Domaine de La Martinière
Niché dans la vallée de la Fare en Touraine du Nord, le domaine de La Martinière révèle l'élégance discrète d'un manoir de campagne tourangeau, récemment inscrit aux Monuments Historiques en 2024.

© Wikimedia Commons
Histoire
Au cœur du bocage tourangeau, à Neuvy-le-Roi, le domaine de La Martinière appartient à cette famille de demeures rurales qui constituent l'âme secrète de la Touraine — cette terre que les rois de France ont longtemps choisie pour se ressourcer. Loin des fastes des grands châteaux de la Loire qui attirent les foules, La Martinière incarne une autre forme de noblesse architecturale : celle du manoir de terroir, ancré dans son paysage, façonné par des générations successives qui y ont laissé leur empreinte. Le domaine se distingue par son intégration remarquable dans le paysage bocager de l'Indre-et-Loire septentrional, où les douces ondulations du terrain, les futaies de chênes et les prairies humides forment un écrin naturel d'une rare cohérence.

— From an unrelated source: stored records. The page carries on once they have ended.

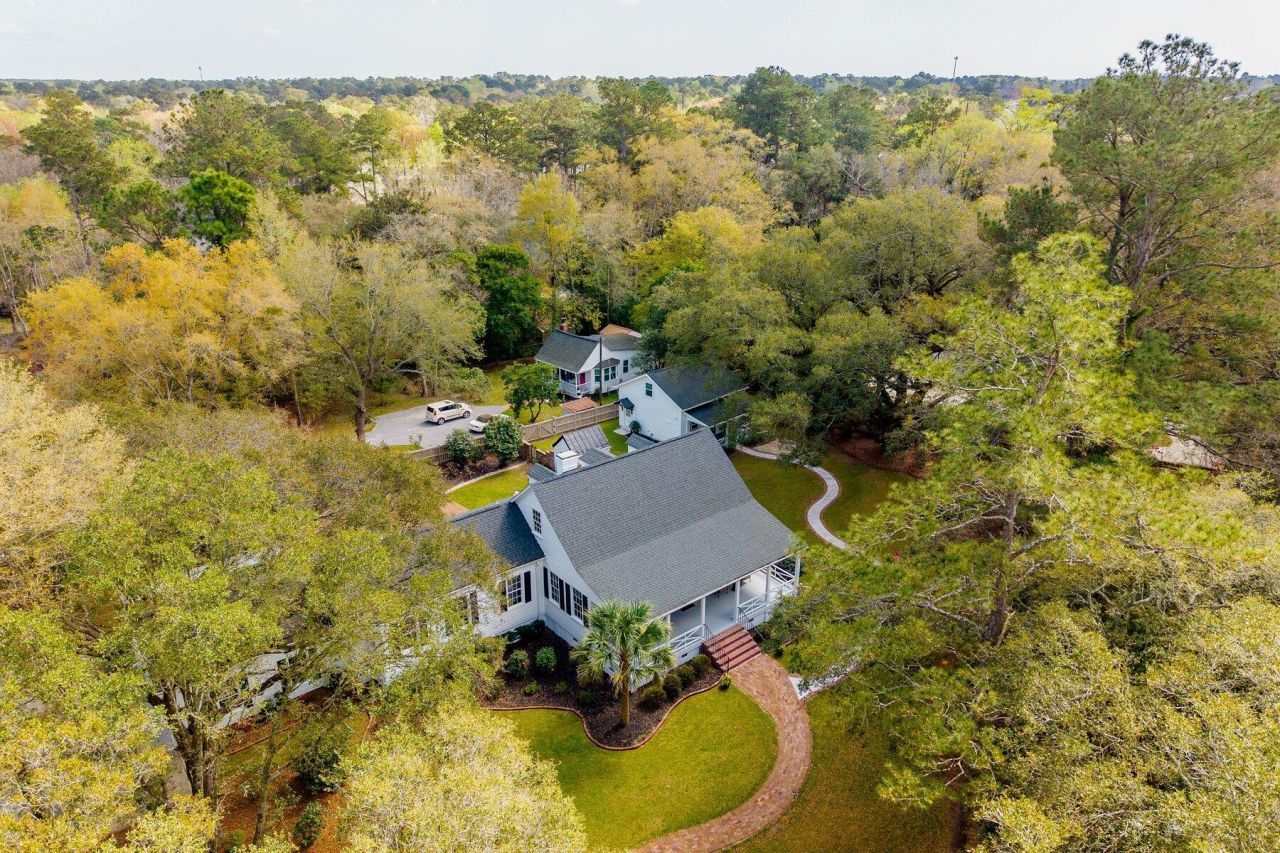 111 E Carolina Avenue Photo 109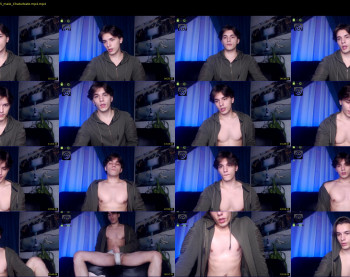 eric_sexy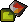 Zulrah's scales 2.png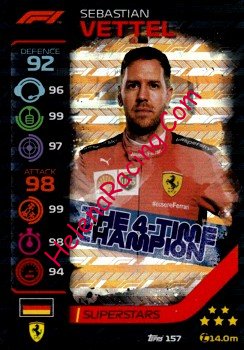 2020 Topps-157-Superstars.jpg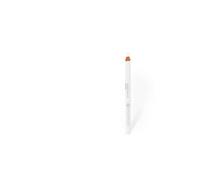 Essence - Crayon Yeux Kajal - 04 White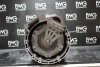 BMW 6HP19Z / 6HP19X 6 İleri Otomatik Şanzıman 7630976  - 2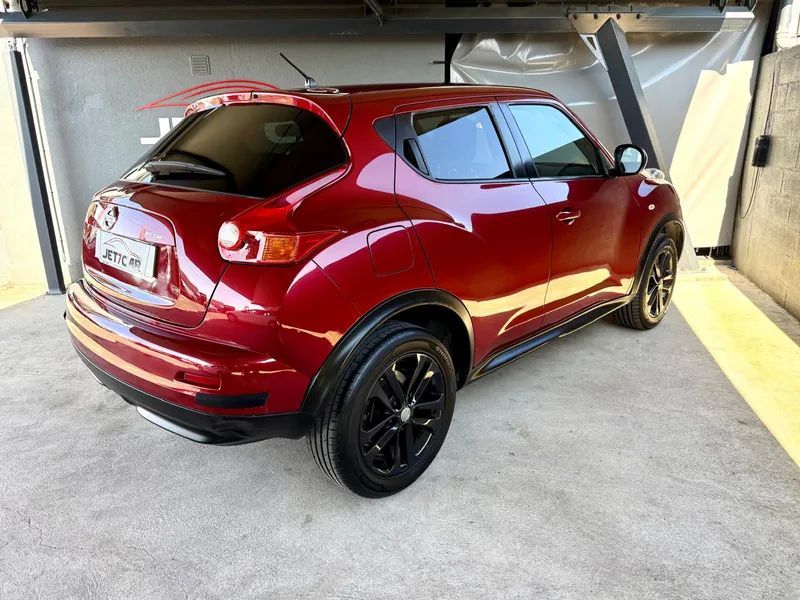 nissan-juke-2011-diesel-1461cc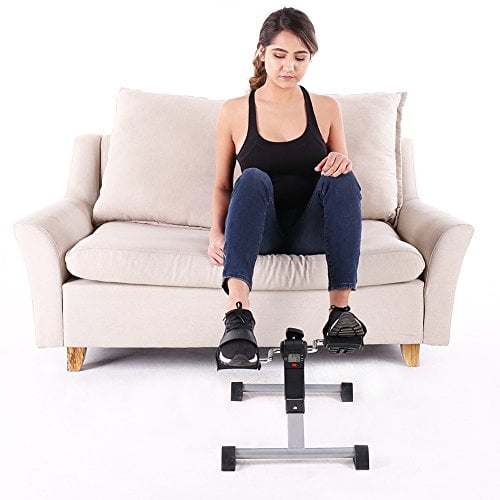 Hausse folding exercise peddler new arrivals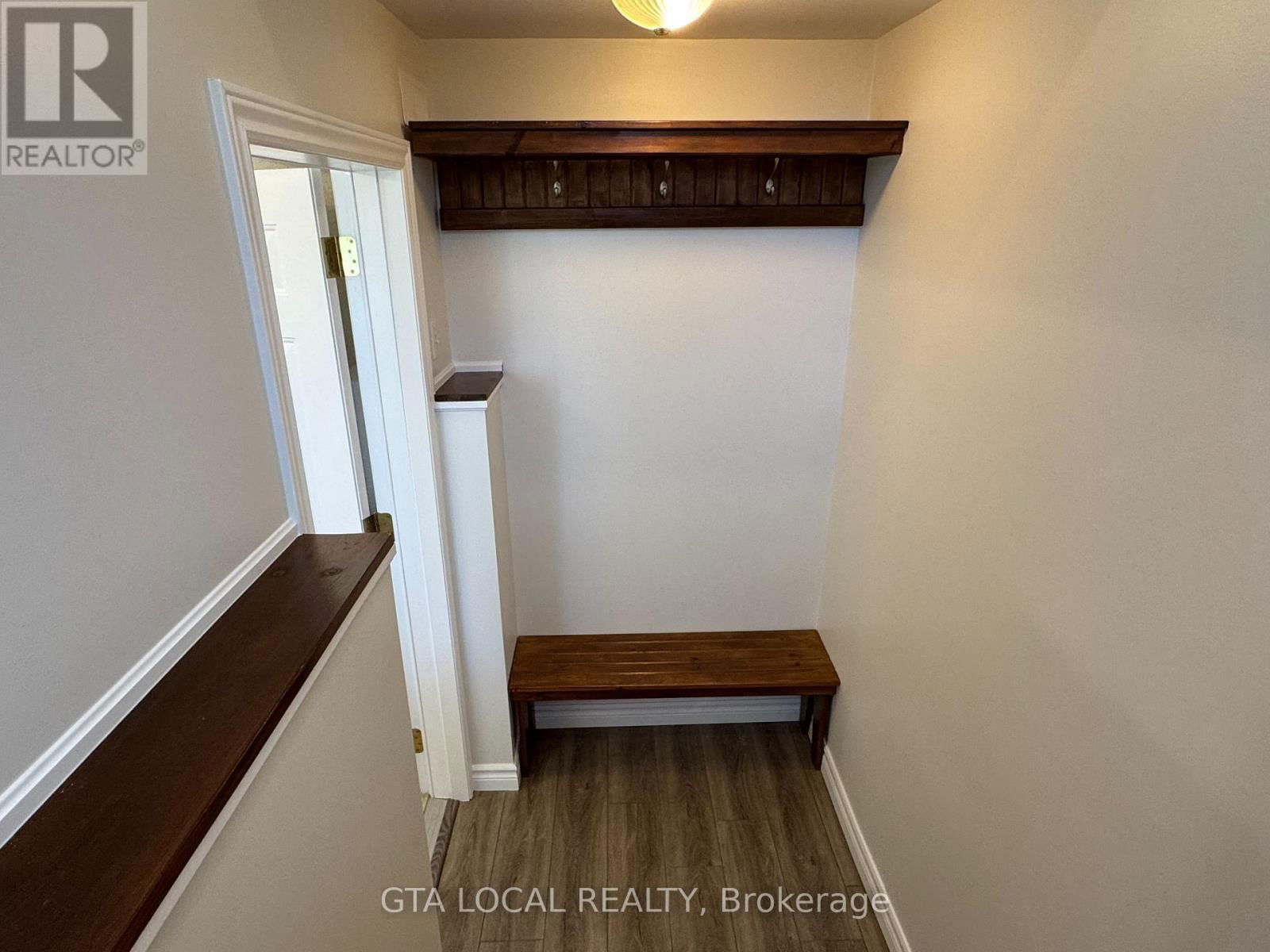 98 OSBORNE STREET Image 17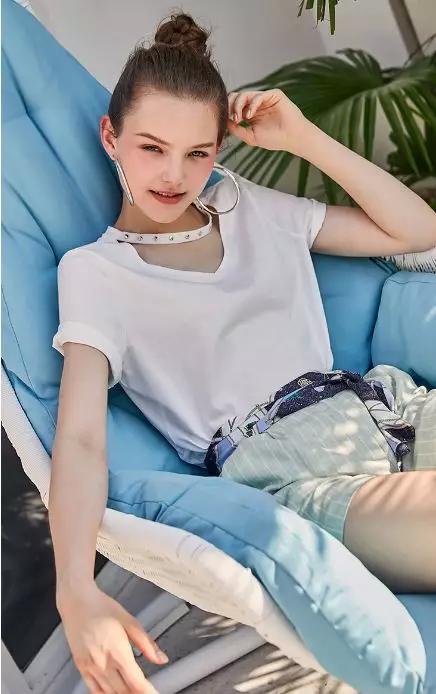 男士短袖t恤淘宝推荐平价 (国潮品牌推荐50元平价店铺t恤)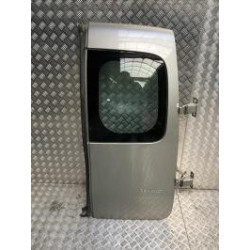 Porte de coffre droit RENAULT KANGOO 2 PHASE 1 d’occasion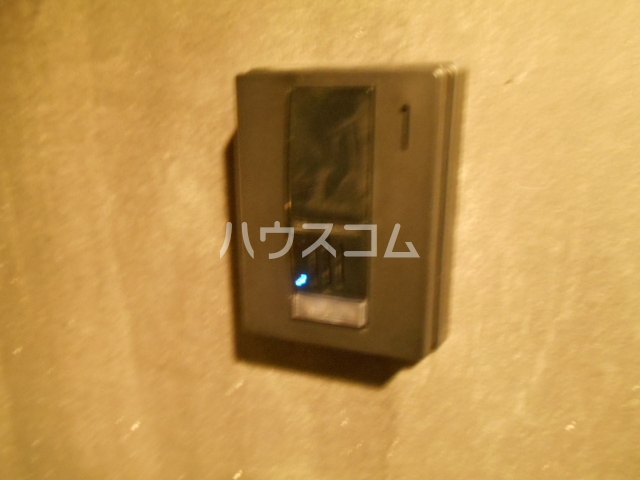 18/30 その他画像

La ferme et ses dépendances, probablement aussi anciennes que le corps de logis principal, témoignent d'un ensemble d'exploitation agricole seigneuriale dont l'organisation spatiale n'a que peu évolué au fil des siècles. L'inscription au titre des Monuments Historiques, obtenue le 24 décembre 2024, consacre la valeur patrimoniale d'un ensemble qui avait jusqu'alors échappé aux grandes inventaires. Cette reconnaissance tardive confère au domaine un statut particulier : celui d'une découverte à faire, d'un patrimoine authentique que le grand tourisme n'a pas encore banalisé. Pour le visiteur curieux, La Martinière offre précisément ce que les monuments hyper-fréquentés ne peuvent plus donner : la sensation d'une rencontre véritable avec l'histoire. Le cadre environnant, rythmé par les douces collines de la Gâtine tourangelle, invite à la promenade et à la contemplation. Les chemins qui longent le domaine révèlent des perspectives architecturales changeantes selon les saisons, particulièrement saisissantes au printemps lorsque la végétation reprend ses droits, ou en automne quand les teintes mordorées enveloppent les toits d'ardoise d'une lumière particulière.
Architecture
Le domaine de La Martinière présente les caractéristiques typiques de l'architecture manoriale tourangelle des XVIe-XVIIIe siècles : un corps de logis principal à deux niveaux, couvert d'ardoise selon la tradition ligérienne, flanqué de dépendances agricoles organisées autour d'une cour fermée ou semi-fermée. Les murs, vraisemblablement en tuffeau blanc et en moellon de calcaire local, matériaux omniprésents dans le bâti rural d'Indre-et-Loire, confèrent à l'ensemble cette teinte claire caractéristique des demeures tourangelles, particulièrement lumineuse sous le ciel changeant de la Gâtine. Le logis principal, d'une sobre élégance, révèle probablement des fenêtres à meneaux ou à croisée pour les parties les plus anciennes, tandis que les remaniements ultérieurs ont pu introduire des ouvertures plus régulières à chambranles moulurés, témoins de l'influence classique qui gagna progressivement même les résidences rurales modestes. Les toitures à forte pente, couvertes d'ardoise d'Anjou ou de Trélazé, sont percées de lucarnes qui apportent lumière et rythme vertical à l'ensemble. L'organisation du domaine suit le modèle canonique de l'exploitation seigneuriale rurale : le logis de maître légèrement en retrait ou en position dominante, les communs et dépendances agricoles formant un ensemble cohérent, le tout probablement complété par un parc ou jardin d'agrément de facture simple, planté d'arbres remarquables qui constituent aujourd'hui l'un des éléments patrimoniaux les plus précieux du site. Cet ensemble paysager et bâti, dont la cohérence traversa les siècles sans altération majeure, justifie pleinement la reconnaissance patrimoniale récemment accordée.